A sales process that has lasted more than 15 months with two core businesses still not sold.
A share price below where it was when they started to out shareholder value.
No apparent plan as to how they are going to distribute the cash received to date to shareholders in a tax efficient manner. (Not a problem to those of us with smaller shareholdings within an ISA)
So, anyone care to guess how long N months is?|
Secondly, isn't that exactly what Soco did when they returned cash through "A" or "B" shares so that shareholders could chose income or capital?
Firstly, "B share schemes" that offered shareholders the choice of income or capital treatment became ineffective on 6 April 2015, a change that was announced in the 2014 Autumn Statement ( https://www.gov.uk/government/uploads/system/uploads/attachment_data/file/382327/44695_Accessible.pdf ):
"2.152 Special purpose share schemes – The government will legislate to remove the unfair tax advantage provided by special purpose share schemes, commonly known as ‘B share schemes’. From 6 April 2015 all returns made to shareholders through such a scheme will be taxed in the same way as dividends. (Finance Bill 2015) (39)"
Soco stopped using them then, as did all other companies that I am aware of, for the very good reason that they're now just a way of pouring their admin costs down the drain.
So while I don't know exactly what change davidosh is talking about when he says "revised "transactions in securities" rules which came into force in April this year", it's not that one: the dates don't match.
Secondly, davidosh says "new rules make it very difficult for a continuing business" (my bold). Soco definitely intends to remain a continuing business for the foreseeable future, so basically for them it's a choice between making a payment that will be treated as a dividend now or deferring any payment indefinitely.
Ensor intends to go out of business when they've disposed of the remaining two subsidiaries, which means that they might or might not be treated as a continuing business now, but pretty definitely won't be once they've done that. So for them, it's a choice between making a payment now that runs a risk of being treated as a dividend, or making one in N months' time that doesn't. Not at all the same choice as the one facing Soco.

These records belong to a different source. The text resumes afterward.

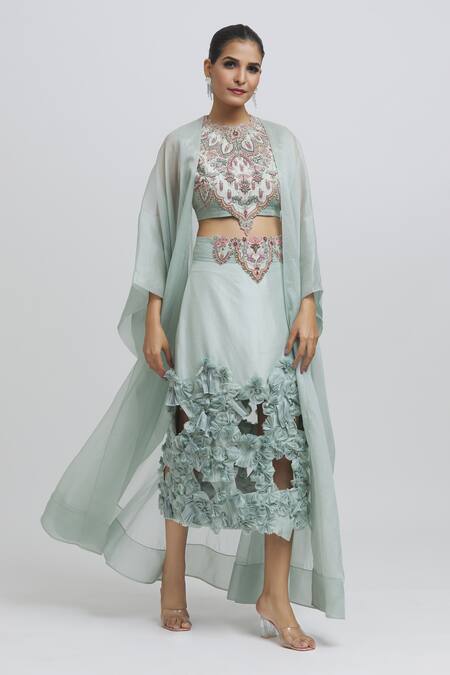 Anamika Khanna Blue Silk Sequins, Applique Round Neck Thread Embroidered Top Skirt Set at Aza Fashions Anamika Khanna_Blue Silk Sequins, Applique Round Neck Thread Embroidered Top Skirt Set _at_Aza_Fashions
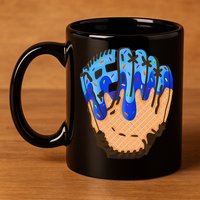 Ice Cream Cone Baseball Glove Drip 11oz C Handle Ceramic Mug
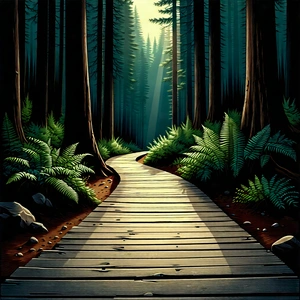 Nature Woodcut Print: Path Through Redwood (forest:1.3) With Wooden Pathway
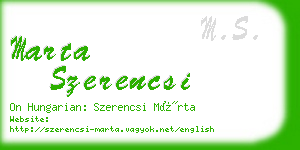 marta szerencsi business card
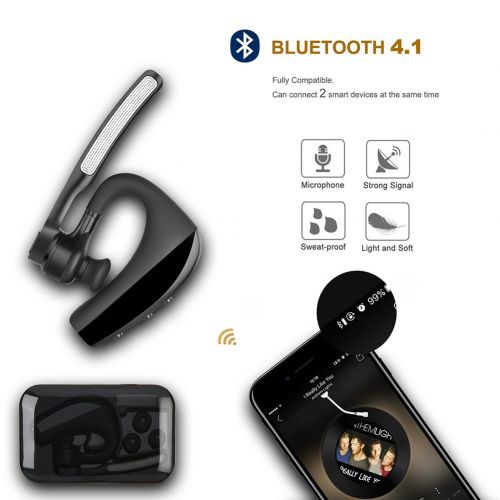  [아마존 핫딜]  [아마존핫딜]ERUW Bluetooth Headset Kabelloses Freisprechanlage Kopfhoerer mit Mic Mute Switch Bloothooth Headset Freisprecheinrichtung Ohr Kompatibel fuer iPhone Samsung Handy (K10 Headset)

And as regards Ensor taking tax advice on the point, rules that are only a few months old (and sometimes ones that are quite a lot older!) often have unresolved questions that will only be resolved in real-life cases, which is an expensive business! So it may very well be that Ensor have taken advice on the point, and the advice they have received is essentially "Don't risk it - the cost to your shareholders of deferring the payment until the situation clarifies isn't big enough to justify you taking the risk. Let someone else with more at stake be the guinea pig!"
|P.S. Happy to participate in a dial-in if that's the only way we can be kept up to date.|
If any information were material and definite, an RNS would be necessary.

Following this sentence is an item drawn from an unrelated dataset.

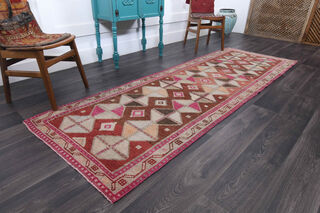 Unique Modern Patterned Vintage Runner Rug - Thumbnail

If its useful background information, along the lines you suggest, I would suggest the directors just write it down on a piece of paper, get it approved by the NOMAD, and issue it as a non-material RNS (or whatever they are called).
If its neither of these situations, and given we know the directors feel very constrained by the NOMAD in what they are able to say currently, we probably don't need to make life even more difficult for them by interrogating them over the phone to no good purpose.
Firstly the advisers should have been aware of that rule coming in and advised esr accordingly.
Secondly, isn't that exactly what Soco did when they returned cash through "A" or "B" shares so that shareholders could chose income or capital?
Garbet raises a point, is the empty shell and listing worth anything?